The modern Thanksgiving tradition is rooted in a 165-year-old historical misunderstanding that goes far beyond the question of whether turkey was served. There was no connection made between Pilgrims and Thanksgiving until 1841, when Alexander Young published a book in Boston containing a letter written by Edward Winslow, one of the Plymouth Colony leaders, on Dec. 11, 1621.
Let's party
The letter includes one paragraph in which Winslow described a three-day harvest celebration attended by the 50 colonists and some 90 Indians:
"Our harvest being gotten in, our governor sent four men on fowling, that so we might after a special manner rejoice together after we had gathered the fruit of our labors. They four in one day killed as much fowl as, with a little help beside, served the company almost a week. At which time, among other recreations, we exercised our arms, many of the Indians coming amongst us, and among the rest their greatest king Massasoit, with some ninety men, whom for three days we entertained and feasted, and they went out and killed five deer."
On his own, Young decided to add an asterisk, a fateful footnote describing the event as "the first Thanksgiving" and dragging in the unmentioned turkey by stating "they no doubt feasted on the wild turkey as well as venison." In essence, Young wrongly conflated the English tradition of a secular harvest festival with the very specific Puritan tradition of observing holy days of Thanksgiving, which occurred primarily in church and only when occasions warranted.
Making it official
In fact, Thanksgiving, arguably America's most inclusive and cherished day of family observance, didn't become a permanent national holiday until President Abraham Lincoln proclaimed it so in 1863. And that primarily was the result of a 17-year campaign by magazine editor Sara Josepha Hale, who initially thought such a holiday might avert the Civil War and subsequently hoped it would help heal the nation's wounds.
But it all started with Young's faulty footnote. "So, basically, that asterisk sets the myth in motion," said Jennifer Monac, public-relations manager for Plimouth Plantation. "That's all it was, a paragraph in a book, and it's turned into America's most beloved holiday."
"To the English of Plymouth Plantation, what is now referred to as the 'First Thanksgiving' was neither a 'first' nor a 'thanksgiving,' " as Kathleen Curtin, Plimouth Plantation food historian, states bluntly in her 2005 book, "Giving Thanks: Thanksgiving Recipes and History, From Pilgrims to Pumpkin Pie." If there was, indeed, a "First Thanksgiving" in Plymouth Colony, it came in 1623, when the colonists, short on food, thanked God for the end of a drought and the news that a supply ship was on its way.

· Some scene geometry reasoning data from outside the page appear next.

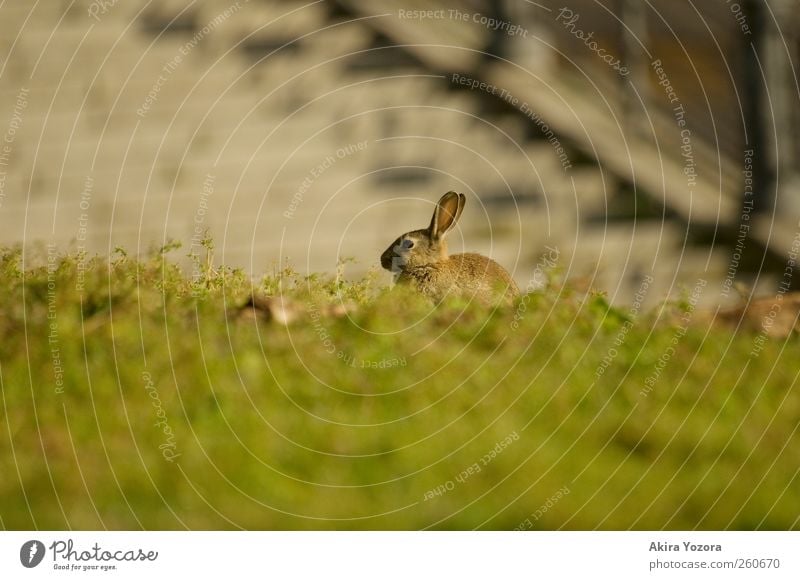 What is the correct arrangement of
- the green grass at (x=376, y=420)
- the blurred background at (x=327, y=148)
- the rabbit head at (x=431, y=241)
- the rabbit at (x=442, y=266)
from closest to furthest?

The truth is hardly a secret. The historians at the Plimouth Plantation, among many others, have published what is known about the true origins of Thanksgiving in scholarly journals, "but nobody paid any attention to it," said Andrew Smith, culinary historian and author of the just-published "The Turkey: An American Story."
They still don't, according to Plimouth's Monac.
"We tell [the true story] every year, and we tell it often on widely seen publications and media. Like 'Good Morning America' is coming here early next week ... but it's amazing what the common misperceptions are."
Among those, she noted, is the fact that Pilgrims didn't wear buckles on their hats and shoes because "there weren't any buckles until the 1630s."
There are more, many stemming from the fact that the Victorians who promulgated the Pilgrim connection tended to imagine them as Victorians. Thus came the concept that Pilgrims dressed austerely in black and white, when in fact they often wore earth tones, scarlet and yellow, according to Francis Bremer, chairman of the history department at Pennsylvania's Millersville University.
And Bremer dismisses the idea that Pilgrims were priggish about alcohol and sex.
"Their tradition coming from England was to drink beers, ales, stouts and other home-brewed beverages," he said. "They would have continued that." As for sex, between a married couple it was encouraged and not just for procreation, Bremer said.
He added, "It doesn't really matter if they were eating turkey. What really mattered is they came together as a community and welcomed people from another society. ... And that element ... of welcoming the Native Americans, who had a very different culture, is something I think we ought to spend more time thinking about."
Information in this article, originally published November 23, 2006, was corrected November 26, 2006. A previous version of this story incorrectly claimed white potatoes had not been grown in the New World at the time of the Pilgrims' Thanksgiving feast. They are native to the Andes Mountains of South America.